Autoradiograms were analyzed using ImageJ (National Institute of Health) with the cell sections and references delineated manually. The uptake values were corrected for background counts and converted to Bq through a reference and reported as a ratio of added dose (Bq/MBqadded).

2.8. Animal Handling

All the animal experimentations and handlings were approved by the local animal research ethical committee of the Uppsala region and performed according to the Uppsala University guidelines for animal research (16167/2019) and in respect of the ARRIVE guidelines. For each individual experiment involving either rats or mice, the anesthesia was given through the inhalation of 4% vaporized sevoflurane mixed with a 400 mL/min flow of medical air and oxygen.

2.9. Dynamic PET/MRI and Biodistribution in Rats

A total of n = 8 rats (male, Sprague Dawley, weight of 250–300 g) were ordered and transported to the animal facility a week prior to each individual experiment for acclimatization. Rat PET imaging was performed to identify the optimal imaging time point for future studies in other in vivo models. Furthermore, the rat model was used to establish in vivo stability and dosimetry of the tracer. As opposed to humans, the beta cells from rats do not express high levels of GPR44 and strong pancreas binding was not expected.

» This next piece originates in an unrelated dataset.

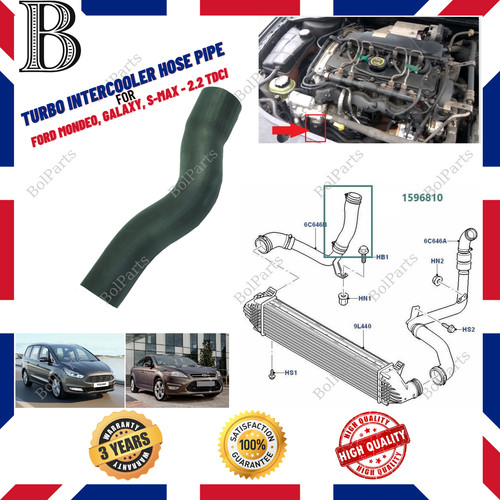 Egr turbo charger intake - turbo,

A magnetic resonance imaging (MRI) acquisition for attenuation and localization was first performed on n = 2 rats (350 ms TR, 3.9 ms TE, 146 slices, 13 Th, 0 Gap, 80 mm FOV, 0.5 mm resolution, 2 NEX, 10 min acquisition time). Subsequently, around 15 kBq/g (total amount of 5 MBq) of [¹⁸F]MK-7246 dissolved in PBS and 10% ethanol were injected intravenously through the tail vein of each rat. A dynamic PET imaging of 150 min was then acquired using the following parameters: 8 frames of 2 × 1.4′, 2 × 3.2′, 4 × 10′, 0.4 × 0.4 × 0.4 mm voxels, 212 × 212 × 579 matrix size. All the sequences described previously were performed with a nano PET/MRI scanner (Mediso). PET data were analyzed with manual segmentation on sequential transaxial projections using the PBAS modeling tool (PMOD technologies LLC). The uptake in kBq/cc was converted to Standardized Uptake Values (SUV) by correcting for the administered radioactivity and the weight of each rat. The radioactive dosimetry was also extrapolated from the rat data to human, based on reference measurements obtained from both the International Commission on Radiological Protection publication 89 (ICRP89) annals [16] and from the Medical Internal Radiation Dose (MIRD) model values summarized by Stabin and Siegel (2003) [17]. The residence time (RT) was calculated from the area under the curve (AUC) of the time–activity curve. The AUC was calculated using the trapezoid method for the time points 5, 10, 20, 30, 60, 90, 120, 150 min post-injection in addition to the tail area, calculated by assuming a monoexponential decay starting from the 150 min time point. The absorbed dose to each individual organ and the whole-body effective dose (ED) were obtained by OLINDA/EXM 1.1 (Organ Level Internal Dose Assessment Code, Vanderbilt University, Nashville, TN).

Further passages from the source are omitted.